Alguns dias depois que descobriu que
estava amando, passou a fazer um diário, mas sem nenhuma preocupação com estilo
ou até mesmo coerência. Registrava o que sentia de forma intuitiva, assim como
todas as circunstâncias dos seus encontros (por enquanto apenas profissionais)
e desencontros, quando ela não vinha trabalhar, nos finais de semana.
Em presença de Valquíria, sentia-se
confiante, vigoroso, jovem e brilhante. Citava trechos e trechos de poemas que
lera na juventude, de T. S. Eliot, Walt Whitman, Drummond, Bandeira e Mário
Quintana, entre tantos outros, e admirava-se da própria memória. A moça, por
sua vez, ouvia-o, embevecida, como que hipnotizada, sem tirar os olhos do seu
rosto, com um sorriso da mais completa beatitude pendurado nos desejáveis
lábios.
Certo dia, após o banho, olhando-se no
espelho, Theobaldo pilhou-se falando sozinho, em voz alta, em tom discursivo.
Era um desabafo que há muito queria fazer, mas jamais verbalizara. “Como a natureza
é sacana! Derruba nossos cabelos, enfraquece nossos olhos, murcha nossa pele,
aumenta nossa barriga, reduz gradativamente nossas forças e energias, mas
mantém a atração pelo sexo oposto. E por garotas novas, recém-saídas da
meninice! Ainda se fizesse com que nos sentíssemos atraídos por mulheres
maduras, da nossa faixa etária, vá lá! Mas a sacana faz com que fiquemos
vidrados somente em carne nova”, pilhou-se gritando em direção ao espelho.
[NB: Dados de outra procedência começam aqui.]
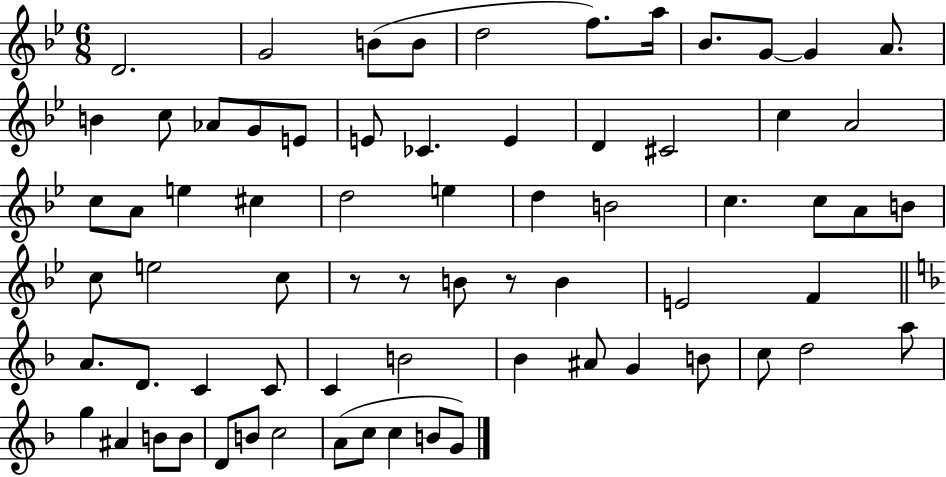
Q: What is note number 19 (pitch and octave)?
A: E4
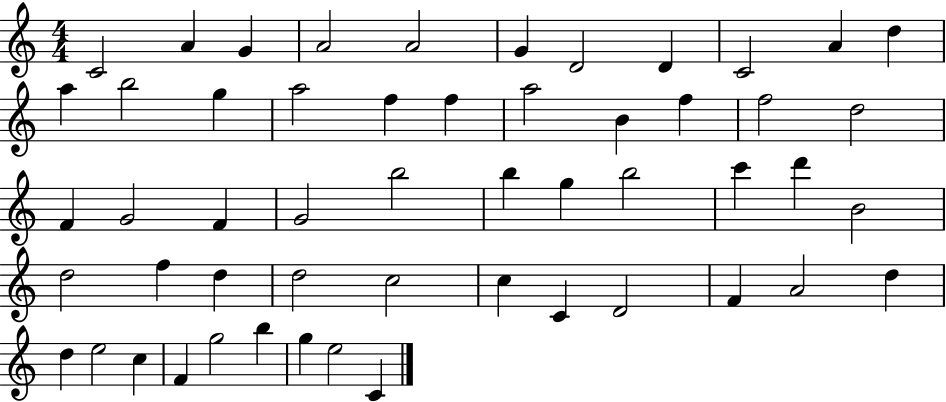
{
  \clef treble
  \numericTimeSignature
  \time 4/4
  \key c \major
  c'2 a'4 g'4 | a'2 a'2 | g'4 d'2 d'4 | c'2 a'4 d''4 | \break a''4 b''2 g''4 | a''2 f''4 f''4 | a''2 b'4 f''4 | f''2 d''2 | \break f'4 g'2 f'4 | g'2 b''2 | b''4 g''4 b''2 | c'''4 d'''4 b'2 | \break d''2 f''4 d''4 | d''2 c''2 | c''4 c'4 d'2 | f'4 a'2 d''4 | \break d''4 e''2 c''4 | f'4 g''2 b''4 | g''4 e''2 c'4 | \bar "|."
}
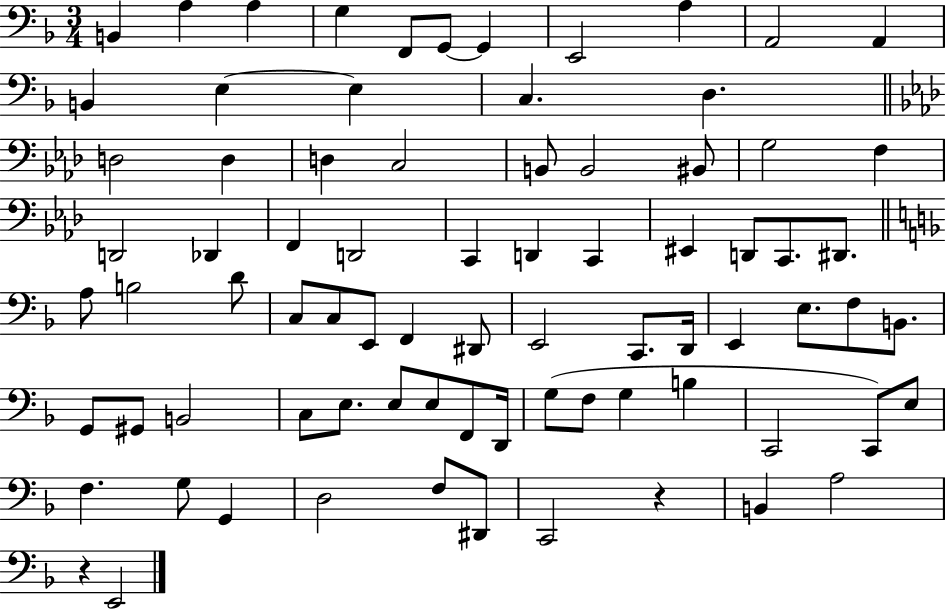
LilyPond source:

{
  \clef bass
  \numericTimeSignature
  \time 3/4
  \key f \major
  b,4 a4 a4 | g4 f,8 g,8~~ g,4 | e,2 a4 | a,2 a,4 | \break b,4 e4~~ e4 | c4. d4. | \bar "||" \break \key f \minor d2 d4 | d4 c2 | b,8 b,2 bis,8 | g2 f4 | \break d,2 des,4 | f,4 d,2 | c,4 d,4 c,4 | eis,4 d,8 c,8. dis,8. | \break \bar "||" \break \key f \major a8 b2 d'8 | c8 c8 e,8 f,4 dis,8 | e,2 c,8. d,16 | e,4 e8. f8 b,8. | \break g,8 gis,8 b,2 | c8 e8. e8 e8 f,8 d,16 | g8( f8 g4 b4 | c,2 c,8) e8 | \break f4. g8 g,4 | d2 f8 dis,8 | c,2 r4 | b,4 a2 | \break r4 e,2 | \bar "|."
}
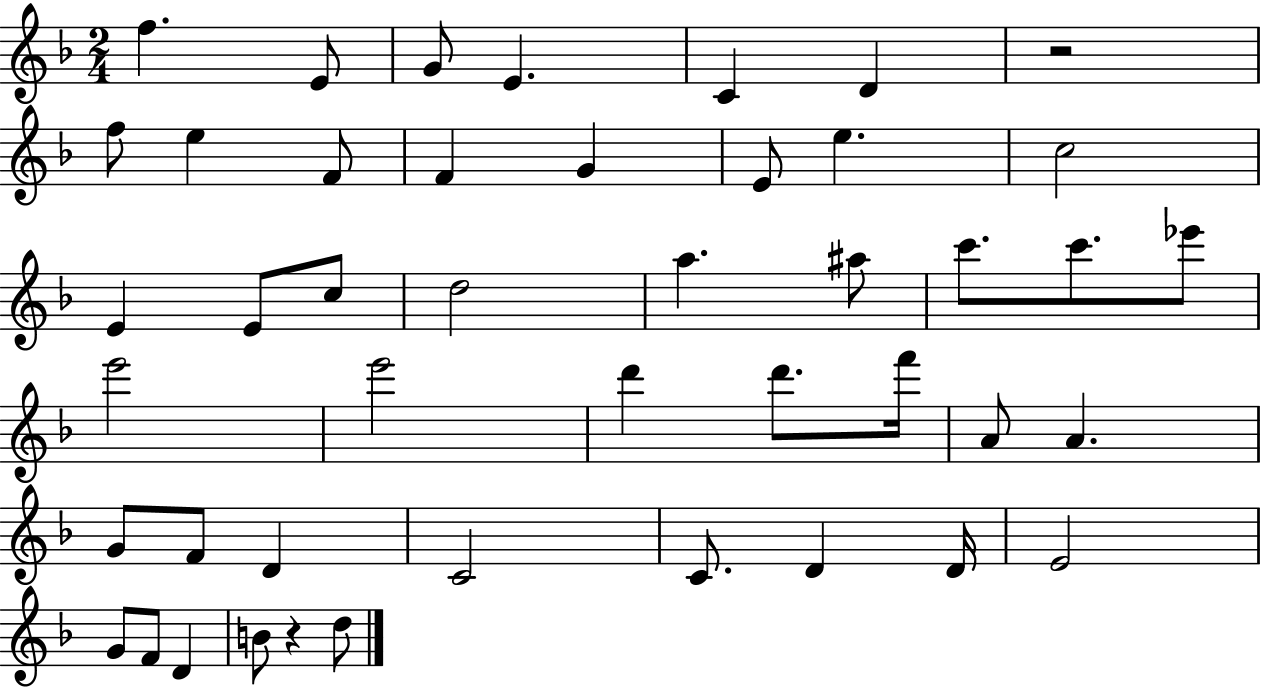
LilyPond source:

{
  \clef treble
  \numericTimeSignature
  \time 2/4
  \key f \major
  f''4. e'8 | g'8 e'4. | c'4 d'4 | r2 | \break f''8 e''4 f'8 | f'4 g'4 | e'8 e''4. | c''2 | \break e'4 e'8 c''8 | d''2 | a''4. ais''8 | c'''8. c'''8. ees'''8 | \break e'''2 | e'''2 | d'''4 d'''8. f'''16 | a'8 a'4. | \break g'8 f'8 d'4 | c'2 | c'8. d'4 d'16 | e'2 | \break g'8 f'8 d'4 | b'8 r4 d''8 | \bar "|."
}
“E que chances temos de competir com
garotões sarados, a cada geração mais altos e mais saudáveis, que cuidam da
aparência – da pele, dos cabelos, dos trajes – tanto ou mais até que as
mulheres e que são cada vez mais bonitos, pelo menos no critério feminino?”,
prosseguiu. “Ne-nhu-ma!!!”, gritou, escandindo a palavra.
“Se a natureza fosse realmente justa,
já que uma das suas leis é o envelhecimento de todos os seres vivos, faria, no
nosso caso, dos homens, com que a atração sexual desaparecesse depois de certa
idade. Ou, melhor, que ficássemos sem pinto. Isso mesmo! Que o pinto fosse
encolhendo, gradativamente, encolhendo, encolhendo e encolhendo, à medida que o
tempo passasse, até desaparecer de vez”, completou, sempre em voz alta. A sorte
é que àquela altura não havia ninguém em casa. Caso contrário... pensariam que
Theobaldo estivesse bêbado (o que era o mais provável) ou pirando de vez. Não
ocorria, contudo, nem uma coisa e nem outra. Estava, apenas, perdidamente
apaixonado.
Diga-se, a favor do veterano escritor,
que desde que conhecera Valquíria, sua aparência mudara muito, e para melhor.
Deixara crescer os cabelos e penteava-os de maneira a esconder as profundas
entradas que o caracterizavam. Barbeava-se todos os dias e pintava
meticulosamente as mechas grisalhas que antes se concentravam nas têmporas.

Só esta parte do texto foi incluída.